> [TASK DESCRIPTION]
Print the listing exactly as it stands. Skip every picture.

> [SUPPLIED INFORMATION]
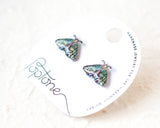 Green Forest Night Moth Stud Earrings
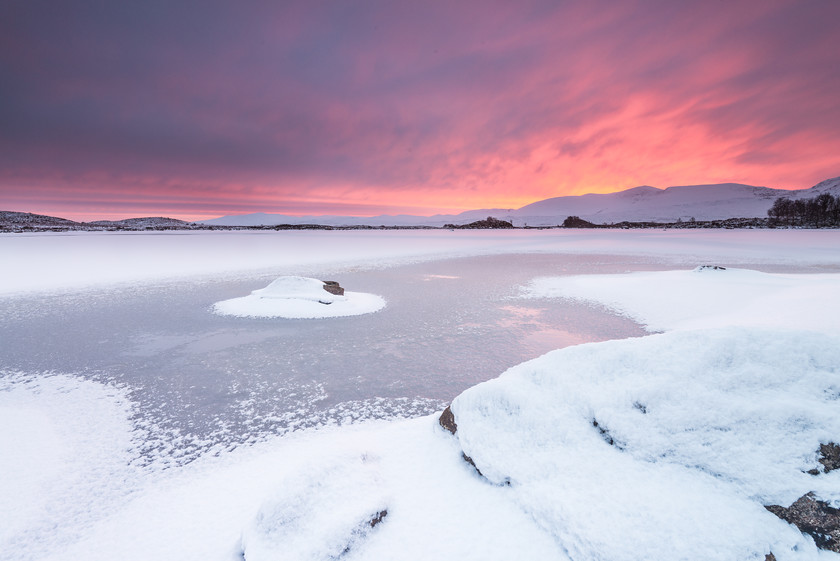 Dawn Over Loch Ba 
 www.keithmuirphoto.co.uk 
 Keywords: Highlands, Loch Ba, Rannoch Moor, Scotland, West Highlands, dawn, landscapes, snow, sunrise, winter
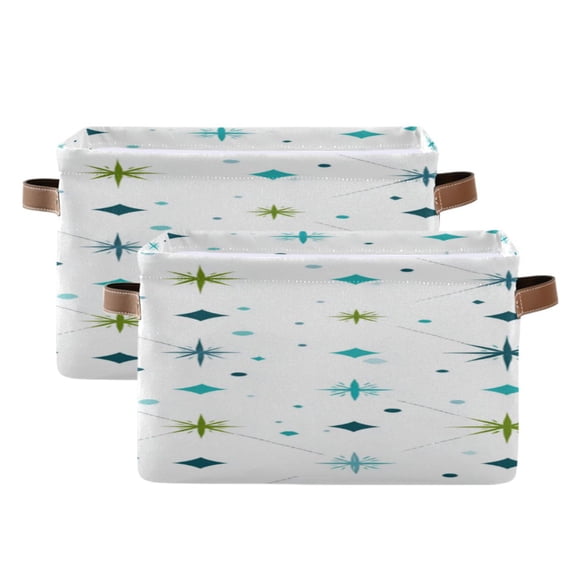 Turquoise Stars Dots Patterns Square Storage Bins with Handles Collapsible Containing Box 2 Packs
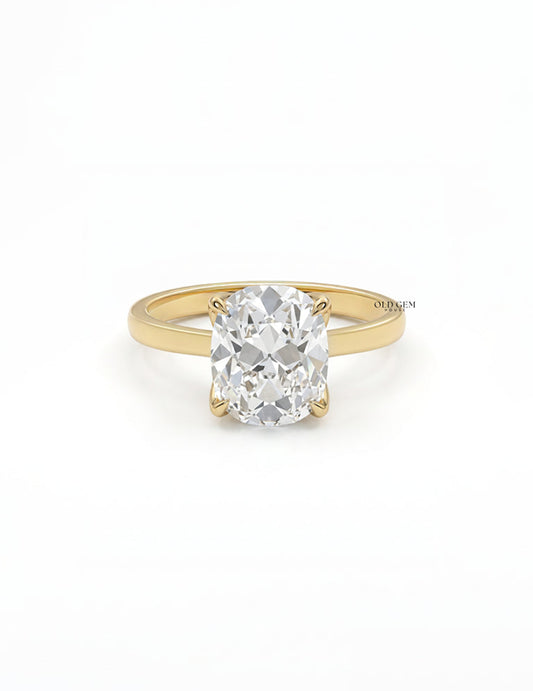 Georgian Old Mine Cushion Cut Solitaire Engagement Ring Engagement Ring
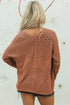 Geometric Open Stitch Ribbed Cuff Cardigan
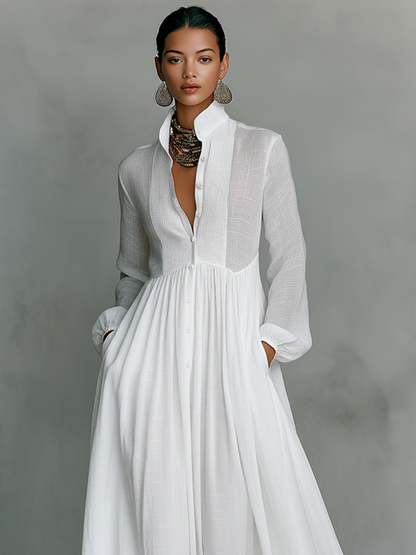 Vestido Largo Minimalista con Diseño de Patchwork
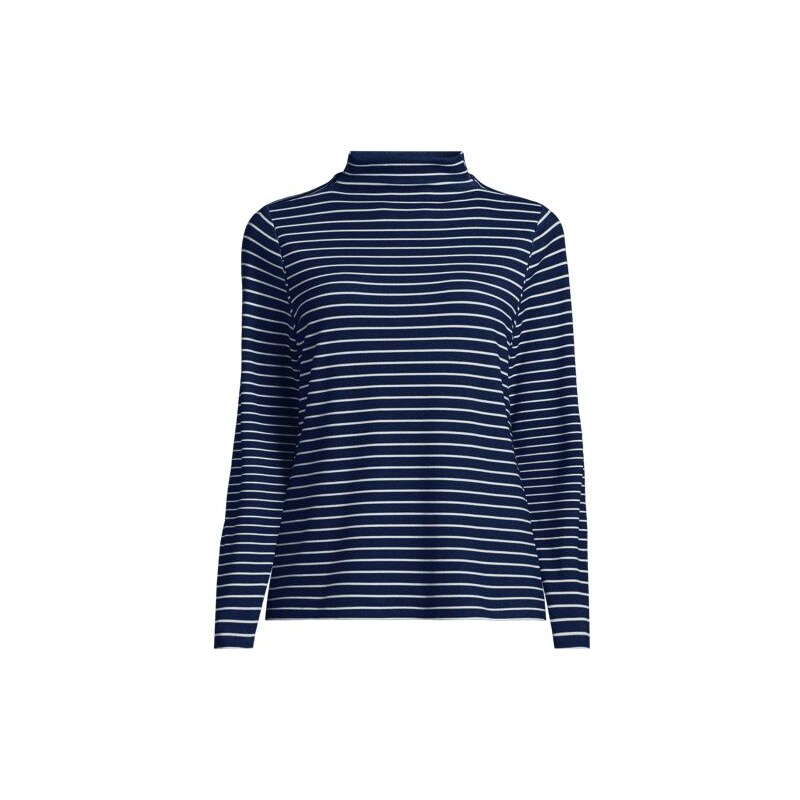 Drapey Rib Polo Neck Top, Women, size: 20-22, plus, Blue, Spandex 115741438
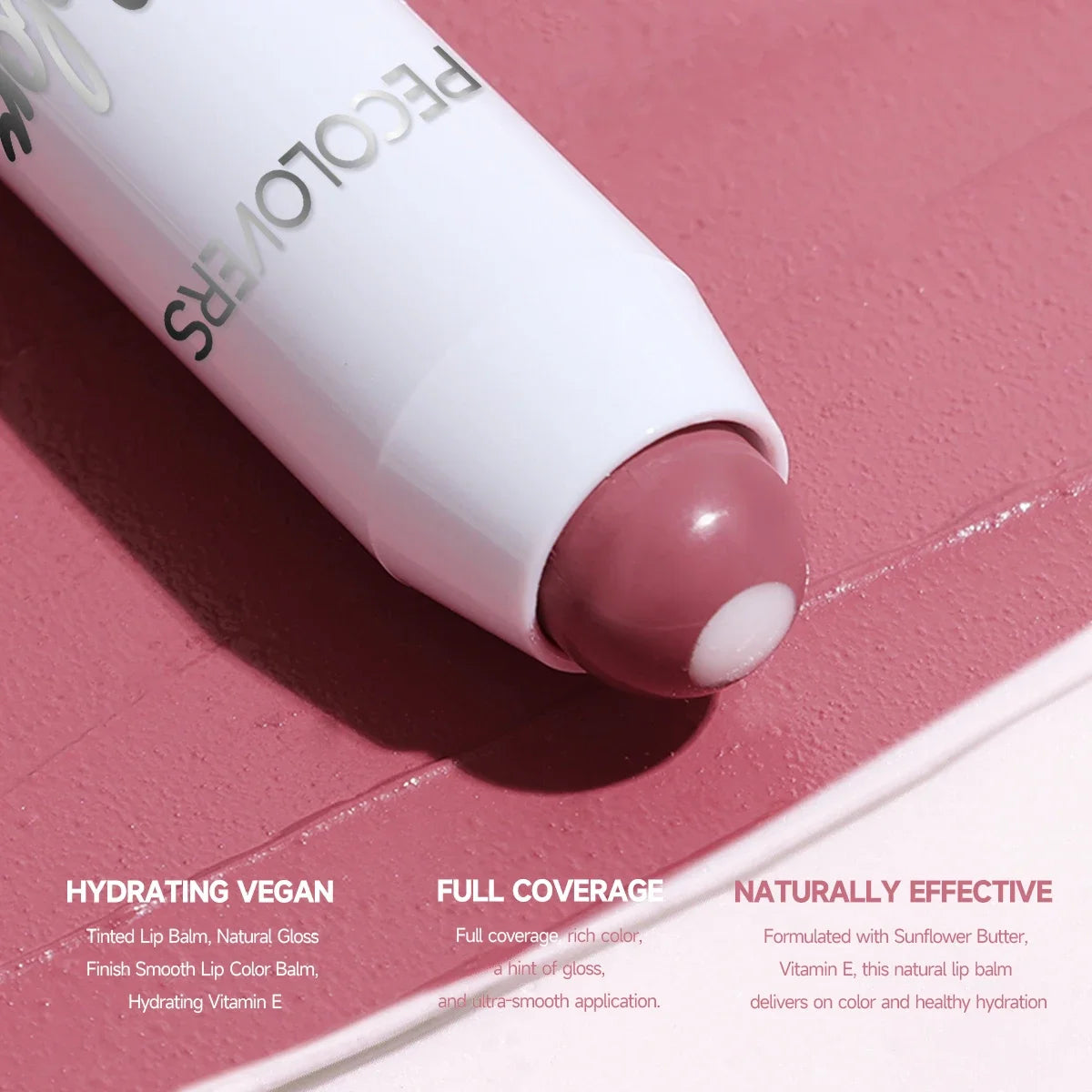 2-in-1 Nude Lipstick Matte Red Lip Balm Moisturizing 6 Colors Qme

> [SOLUTION TO THIS PROBLEM]
 Green Forest Night Moth Stud Earrings
 Dawn Over Loch Ba 
 www.keithmuirphoto.co.uk 
 Keywords: Highlands, Loch Ba, Rannoch Moor, Scotland, West Highlands, dawn, landscapes, snow, sunrise, winter
 Turquoise Stars Dots Patterns Square Storage Bins with Handles Collapsible Containing Box 2 Packs
 Georgian Old Mine Cushion Cut Solitaire Engagement Ring Engagement Ring
 Geometric Open Stitch Ribbed Cuff Cardigan
 Vestido Largo Minimalista con Diseño de Patchwork
 Drapey Rib Polo Neck Top, Women, size: 20-22, plus, Blue, Spandex 115741438
 2-in-1 Nude Lipstick Matte Red Lip Balm Moisturizing 6 Colors Qme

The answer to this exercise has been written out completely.